There’s also, to reiterate a theme, the ancestral karma we inherit, if you believe in that sort of thing. How do you reconcile yourself with the bad deeds of your predecessors? Or with pain handed down? How do you change the lineage?
Often in stories, myths and legends, the hero discovers villainy in the family, or discovers they’re secretly related to their sworn enemy. It happens in Dune, Game of Thrones, Star Wars. In the Irish mythological cycle, Lugh, an immortal warrior king, must kill his grandfather Balor, a demonic tyrannical one-eyed giant, in a decisive battle. By doing so, he changes the fate of his entire lineage and ushers in a new age. Not that I have delusions of grandeur to seat myself alongside the mythological heroes, but I do believe retelling a lost story has strange power.
In my family the sins and betrayals are relatively recent, and we have them all documented in detail due to my auntie’s thorough historical research.
To state auntie’s qualms again: some of us in our family know what really happened. Maybe we have an obligation to protect our other family members, however distant, who don’t know from what they don’t know. An obligation of silence. Or maybe we have an obligation to put this story out there.
I believe we honour the memory of the dead by telling their stories, but it is not our place to answer the questions their lives raised. Who are we to fill in the gaps? The best we can do is bring more voices back to life, and let those voices raise the questions again that drove their lives. Every human life is a striving to answer the questions and great mysteries that torment and soothe us in equal part. Every human being only wants to go home and find peace.
So if you find the approach of this book at times to be non-linear, or fragmented, or caged in doubt, know this is intentional. It is my attempt, however, futile, to soften the violence of narrative, and not to make villains of my dead relatives, who were only imperfect creatures, as we all are. Let us resist chronology. Let us resist causality. Let us resist the neat bows and ribbons of narrative.

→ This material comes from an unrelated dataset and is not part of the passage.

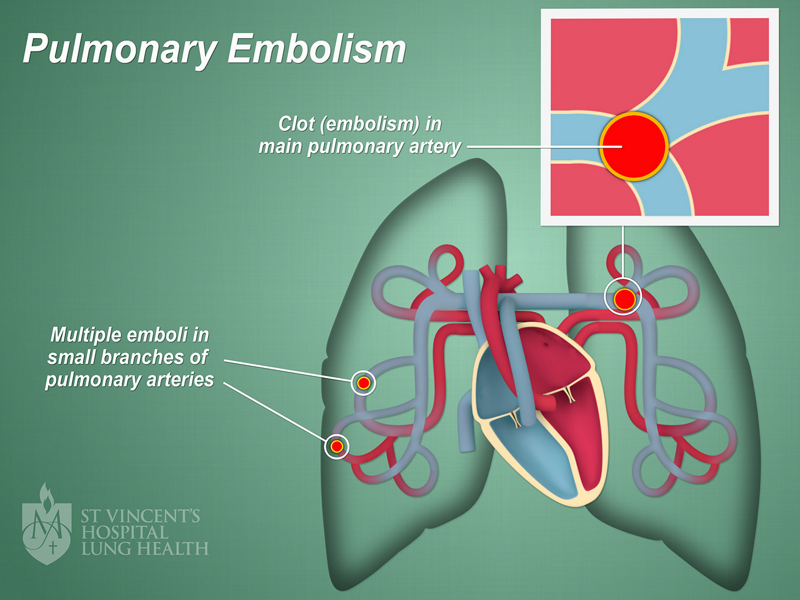 آمبولی ریه/Pulmonary Embolism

But first let us return to a beginning. Not the beginning, since no such thing ever exists. In 1906, in Queens, New York, a girl was born to emigrant parents who hadn’t found the new life they’d hoped for in America. The girl was named Anne - but everyone called her Annie. Over eighty years later, when I knew her, on the other side of the Atlantic, in the waning days of her life, she was still called Annie. To me, she was Grannie Annie, and the rhyming of her name was pleasing to a child’s ear.
The historical records from New York City show Annie’s father, James, worked for a time in a leather factory, but he fell into unemployment. Recall his wife Mary’s letter to the US Consul in November 1912: he became delicate, she wrote, in a handwriting like that scratched by the stylus pen of a phonautograph.